---------- GIVEN INFORMATION ----------

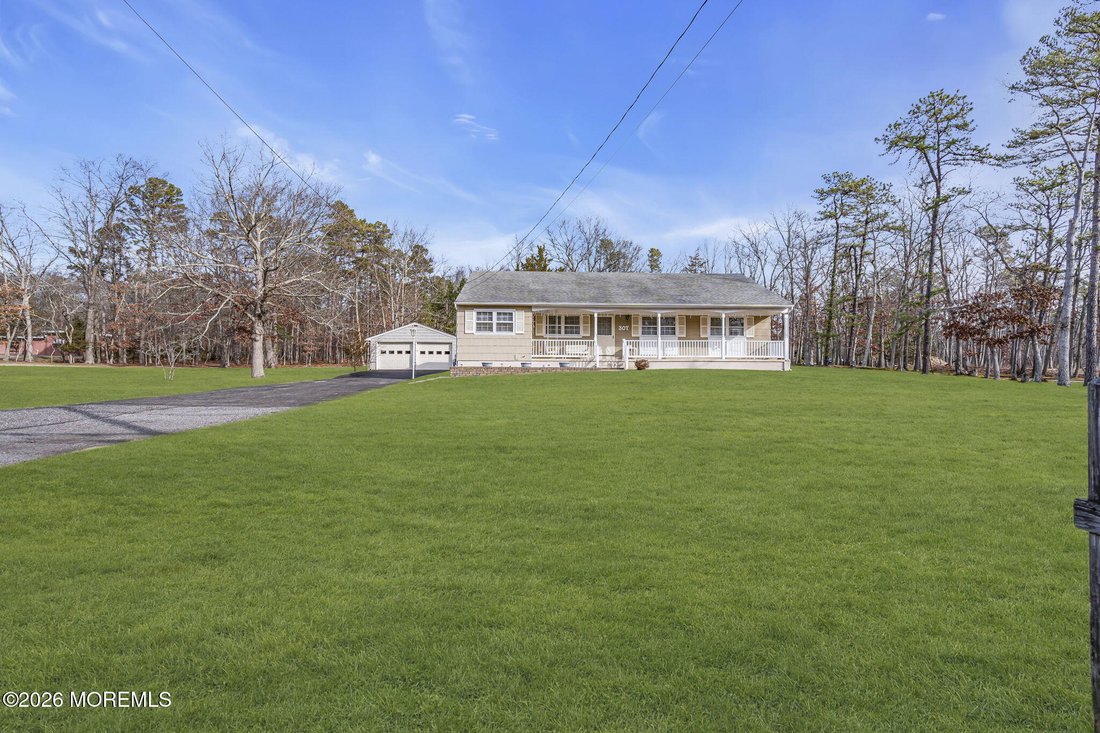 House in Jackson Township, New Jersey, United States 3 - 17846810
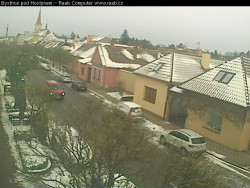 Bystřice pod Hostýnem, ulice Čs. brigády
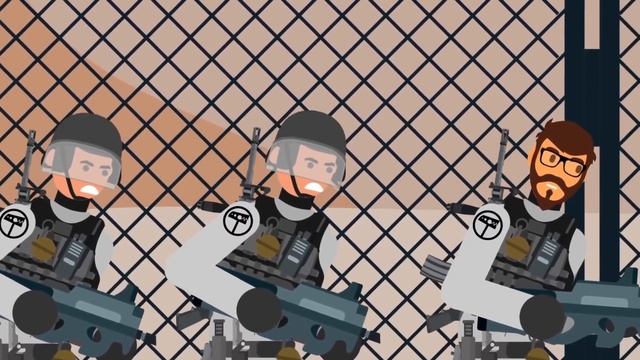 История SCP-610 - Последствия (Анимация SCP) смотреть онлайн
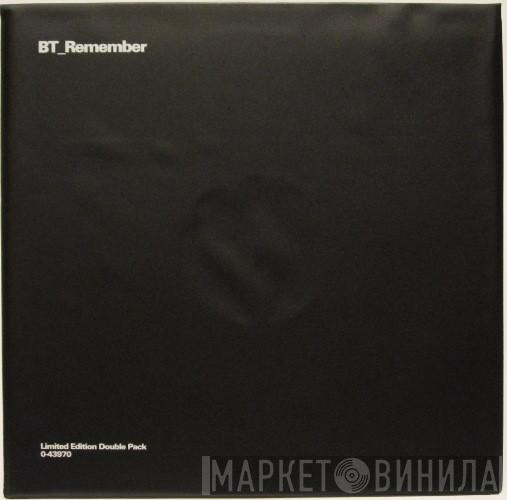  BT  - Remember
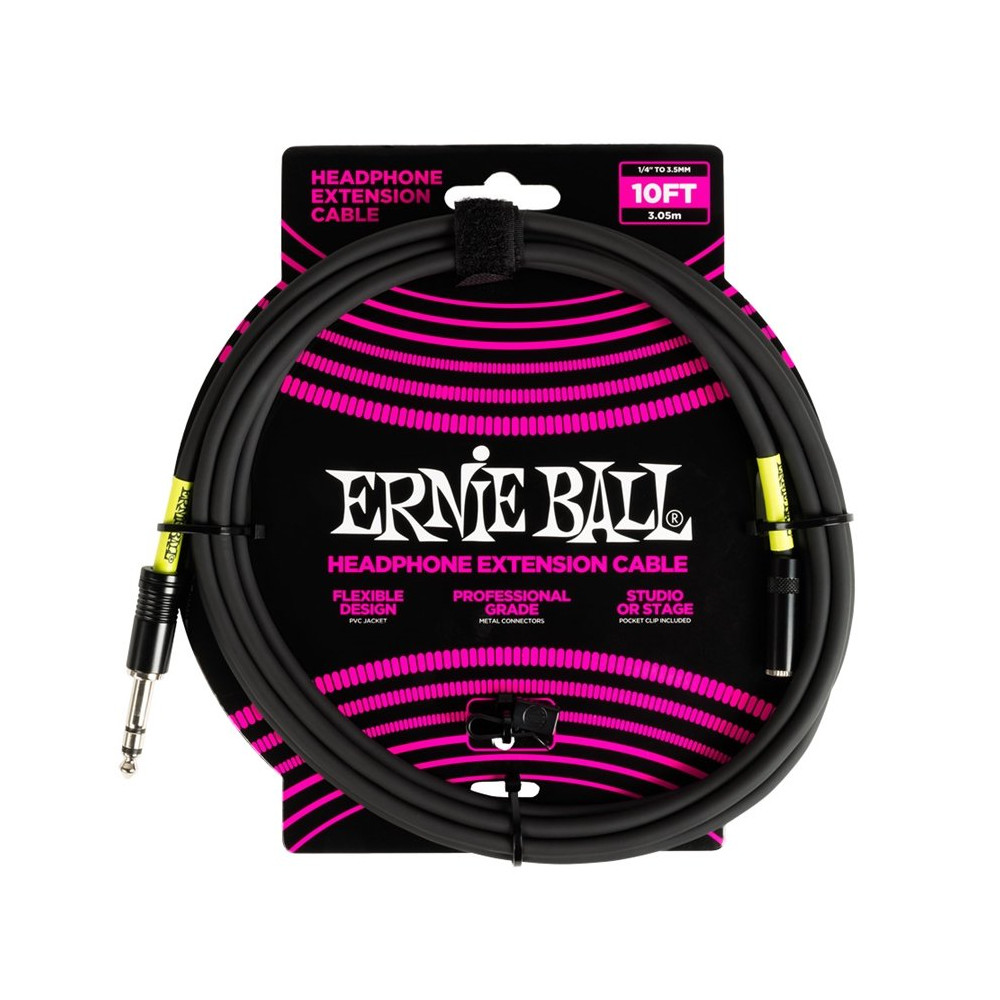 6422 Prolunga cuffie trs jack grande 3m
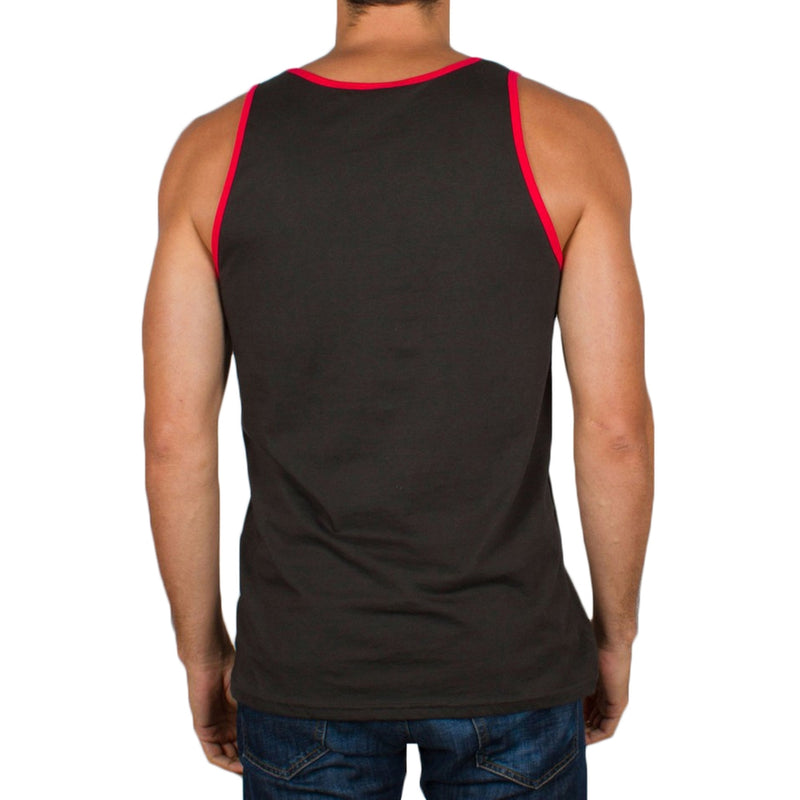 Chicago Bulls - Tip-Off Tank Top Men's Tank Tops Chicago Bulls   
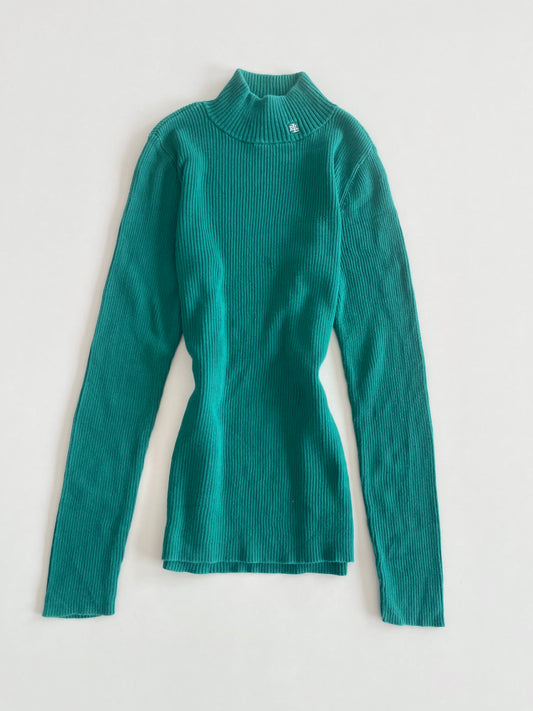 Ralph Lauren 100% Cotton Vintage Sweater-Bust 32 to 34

----------

If an entry holds a picture, leave the picture out and repeat the rest exactly.

§ TASK OUTPUT:
 House in Jackson Township, New Jersey, United States 3 - 17846810
 Bystřice pod Hostýnem, ulice Čs. brigády
 История SCP-610 - Последствия (Анимация SCP) смотреть онлайн
  BT  - Remember
 6422 Prolunga cuffie trs jack grande 3m
 Chicago Bulls - Tip-Off Tank Top Men's Tank Tops Chicago Bulls   
 Ralph Lauren 100% Cotton Vintage Sweater-Bust 32 to 34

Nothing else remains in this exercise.